27. The appellant’s suit before the lower court was not founded on any sale agreement but on the fact that the appellant was claiming ownership of plot No.42 Molo Town which he alleged the Respondent was interfering with and sought orders of restraint Section 3(3) of the Law of contract Act had no application to the circumstances of the case. What was in issue was the existence and /or ownership of plot No.42 vis- a- vis plot No.50 Molo Town. Although Pw2 had been issued a letter of allotment for plot No.42 Molo Town the evidence adduced before the lower court established that the allotment was not given effect and that the Molo Town council had sought to replan the area where the plots had been allocated to establish what they termed lock-ups to accommodate squatters who had been caught up in tribal clashes. Only the persons who challenged the council in court in Nakuru CMCC No.2595 OF 1996 had their plots re-allocated and delineated. The appellant was not a party in the suit and by the time he bought the plot in May 2001, the decree in the suit had been issued which obligated the council to allocate the specified plots to the decree/holders. The Respondent’s plot No.50 was identified and shown to him. The respondent having acquired the plot pursuant to an allocation and the council having been ordered to delineate the plots pursuant to a court decree which still stands, the trial court lacked the jurisdiction to dislodge the decree of the court in Nakuru which decree had been implemented .It does appear to me the appellant’s cause of action if any ought to have been against Molo Town Council or they should at least have been enjoined to the suit as a party, they having been responsible for the allocations.

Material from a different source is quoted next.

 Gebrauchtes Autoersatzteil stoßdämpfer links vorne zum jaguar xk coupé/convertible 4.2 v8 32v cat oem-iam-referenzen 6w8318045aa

29. On my own evaluation of the evidence I have come to the conclusion that the trial magistrate was justified to come to the decision that he did and there is no basis to interfere with his findings. I find the appeal to be lacking in merit and the same is dismissed with costs to the Respondent.
30. Orders accordingly.
Judgment dated signed and delivered electronically at Nakuru this 30th day of April 2020.